The judge suggested there could be other guilty men who had not been brought to court. “It appears that the corruption may have been more widespread than the defendants here before me, and may have permeated the team in earlier days, though I have seen no direct evidence of that. If that is the case, you, as Captain, perpetuated such an atmosphere of corruption and would be responsible for it and for the desire to use Majeed and his contacts to make money for yourself and others in the team.”
The judge condemned the captain: “In the words you used to the jury – what you did was a terrible thing – it is bad for the game of cricket, bad for the country and shows the character of the man involved. Not only were you involved but you involved others and abused your position as captain and leader in doing so, bringing to bear your considerable influence on Aamer at the very least.”
In passing sentence, the judge took into account that all three cricketers were banned by the International Cricket Council from playing international cricket for, at least, five years.
He told Butt: “You have been subjected to a ban on playing cricket for 10 years, of which 5 are suspended. You will be 31 or so, when the active part of that ban comes to an end and you will have lost some of the best years of a batsman’s life as well as the years of captaincy. Your playing career may well be at an end for all practical purposes.”
As for Asif, who faced a seven year ICC ban, of which two were suspended, “its effect on your career as a fast bowler now aged 28, means that your cricketing career is effectively over”.

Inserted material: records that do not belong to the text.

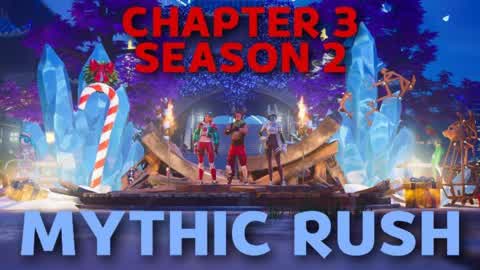 MYTHIC RUSH SEASON 2☃️❄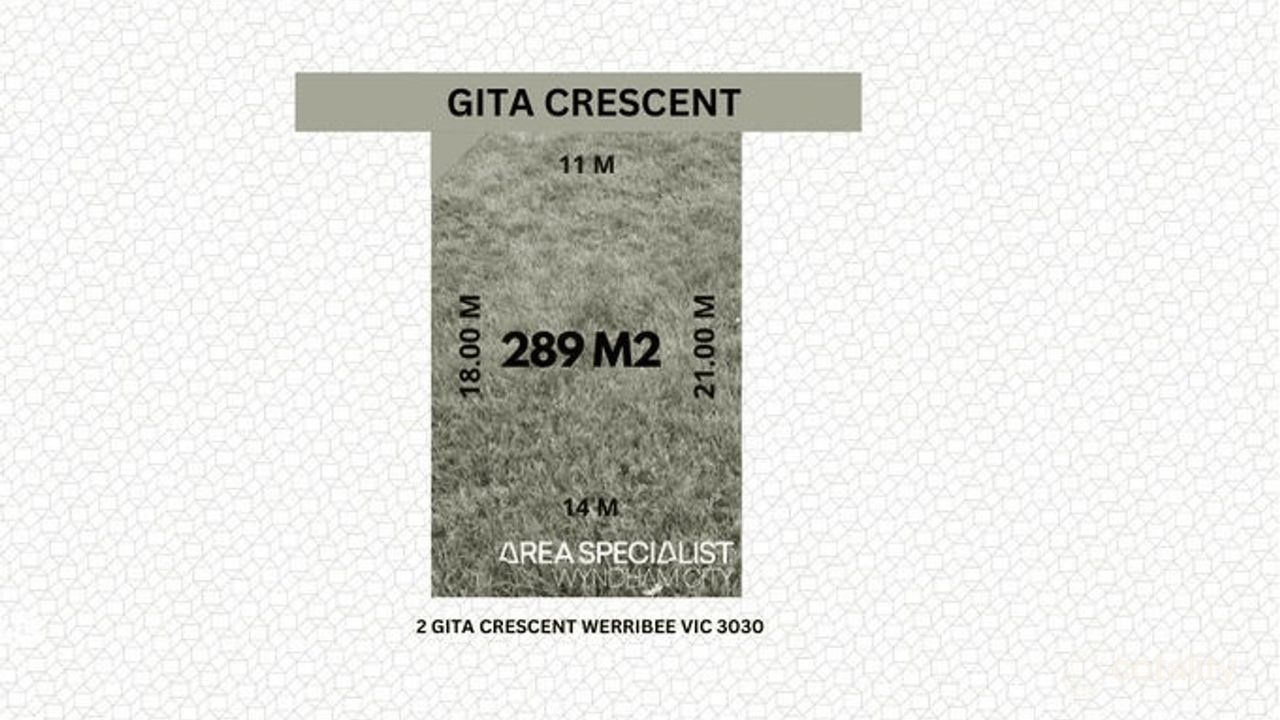3-bedroom house at 2 Gita Crescent, Werribee, VIC 3030, Wyndham Council, Victoria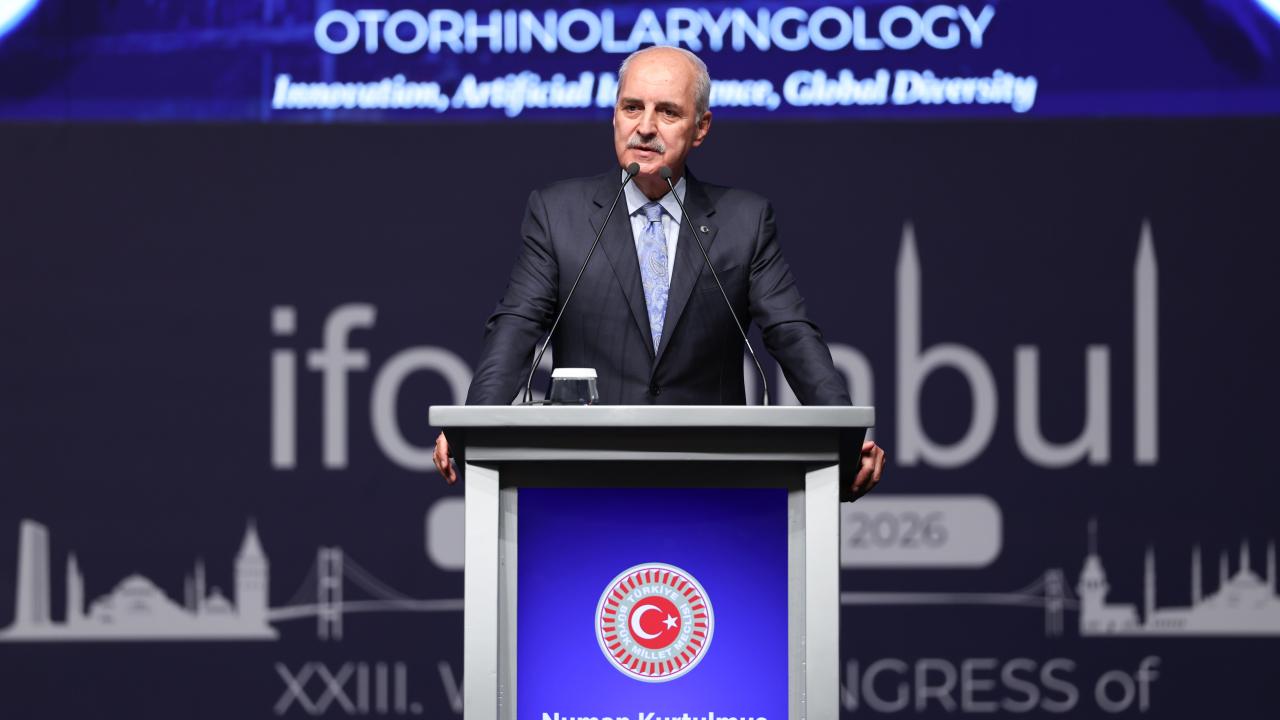 TBMM Başkanı Kurtulmuş: Son yıllarda Türkiye'nin uluslararası alandaki önemi giderek artmaktadır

“This enables me to take a more lenient course, than I otherwise might,” Mr Justice Cooke explained. “That is the punishment imposed by the cricket authorities but these crimes of which you have been convicted require that a sentence be imposed which marks them for what they are and acts as a deterrent for any future cricketers who may be tempted.”
He commended Aamer for pleading guilty which he acknowledged “took courage”.
There was a sinister reference to the underworld in Pakistan. “You have referred, in material presented to the court, to threats to yourself and your family, saying that there are significant limits to what you can say in public. The reality of those threats and the strength of the underworld influences who control unlawful betting abroad is shown by the supporting evidence in the bundle of documents, including materials from the Anti Corruption and Security Unit of the ICC.”
Aamer, who had pleaded guilty to two charges, was told: “If you had not pleaded guilty you would have received concurrent sentences of 9 months’ imprisonment on each offence.”
All the four men learnt that they “will serve half the time imposed in custody and then you will be released on licence. If you breach your licence or commit any other offence, you may be brought back to serve the remainder of your sentence.”
The News of the World’s cheeky demand for the return of £150,000 from Majeed was rejected – “the News of the World got what it bargained for when paying the £150,000 in question”.
But the four will be required to contribute to prosecution costs – £56,554 for Majeed; £30,937 for Butt; £8,120 for Asif; and £9,389 for Aamer.
Aamer’s barrister said the young bowler would appeal against his sentence. Butt’s solicitor also said the cricketer would lodge an appeal against his sentence within 24 hours.
The trial took place in Britain because the offence took place on British soil. If the Pakistani cricketers had refused to agree to a trial in Britain, they could have faced unforeseen consequences in Pakistan.